Ver noticias en las que se dice que cada vez se venden menos libros hace que me eche a temblar. Me entra incluso cierto miedo por ver hacia donde nos dirigimos. Me queda el consuelo de que durante el invierno leemos muchos más tuits y en verano todos llevamos algunos libros en la maleta para ponernos al día. ¿Cuántos vais a leer? ¿dos? ¿tres? ¿diez? Quizás ninguno, porque si nos echamos a la mar en una tabla de surf, la cosa se complicará. Que sí, que hay tiempo para todo, o no, porque ¿cuántos días de vacaciones tendréis? ¿Y qué velocidad de lectura tenéis?

A unos días de irme de vacaciones, me imagino una maleta solo para mis libros, aunque quizás tire en parte de Kindle para evitar que me miren mal.

¿Y qué leer en verano? Podría decir que tirar de novelas estaría fenomenal, pero mi gusto se ha ido desviando inevitablemente hacia lo necesario. Aún así me atrevo a diseñar el que sería un ‘escenario ideal’ para mi.

Las relecturas. Y es que hay libros que a todos nos han marcado, que nos han maravillado, que han aportado a nuestro sentido crítico, a nuestro gusto… y a nuestra personalidad. No debemos perderlos de vista y echar mano de alguno de ellos en verano.

Miguel Strogoff es uno de los que forman parte de mi vida. Una fantástica obra de Julio Verne que me introdujo en las novelas históricas y en la locura de las lealtades. El Principito, de Exupèry, con nuevos aprendizajes cada nueva lectura que hago de él. Momo, la historia de Ende, y que hace unos días mi compañero Luis encendía de nuevo en mi mente, que habla de una niña que sabe escuchar a los demás y les ayuda a humanizar sus vidas.

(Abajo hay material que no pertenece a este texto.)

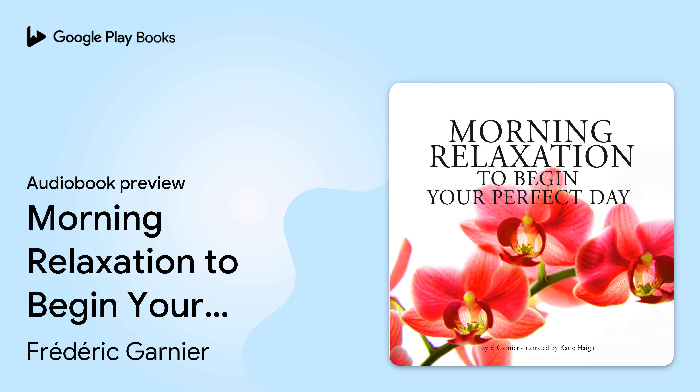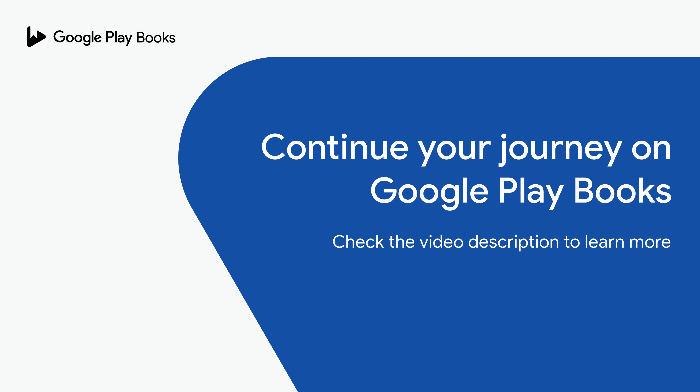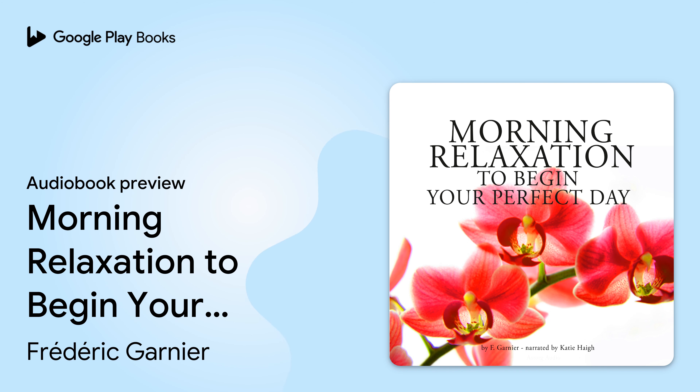Inhale deeply and exhale slowly. Breathe in and out. Breathe in again, breathing in energy and exhale. Inhale deeply and exhale slowly. Breathe in and out. Breathe in again, breathing in energy and exhale.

Como la cabra tira al monte, me dejaré atrapar de nuevo por Los Alquimistas de Neil Irwin, para tener bien presente lo que ocurrió y detectar las señales de alarma y evitar que suceda de nuevo y, ya que estamos, vuelve a mi maleta una fantástica biografía, llena de aprendizajes, lecciones… y sorpresas: Open, de Andre Agassi. Para completar la selección de ‘relecturas’, HumanOffOn de Andy Stalman, un must para entender quiénes somos, de dónde venimos y a dónde vamos.

Escogeré dos, sobre la marcha, y los leeré de principio a fin, terminándolos por puro placer y con el premio de poder leer dos o tres libros a la vez.

¿Novedades? Pues me llevo Scenes of my life, de John Le Carré. Una interesante colección de historias que son fuente e inspiración de muchas de sus novelas. También me llevo una, dicen que muy divertida, Pequeña Historia de la Religión, de Richard Holloway y una pequeña perla que he encontrado de segunda mano: ¡Gracias! de cómo la gratitud puede hacerte feliz, de R.A. Emmons. Ya os contaré qué tal.

Sí, quizás parezca de locos, pero se hará lo que se pueda. Intentaré elegir los momentos más amables y relajados del día. Quizás cuando empieza a caer el sol, en algún rincón fresco del jardín y, ya puestos, donde se vea el mar. Después de comer ni me lo planteo, demasiado calor… y modorra. Una buena hora para retomar es al acostarme.

Y un aviso y consejo para navegantes, cuando lleguéis a la cala elegida, una vez fondeados, y cuando vuestros acompañantes salten al agua, sacad ese libro del bolsón de playa y disfrutad de su lectura en secreto.

El placer de la lectura es lo que tiene, convertirse en el mejor remedio para curarse de la vida… siempre!!!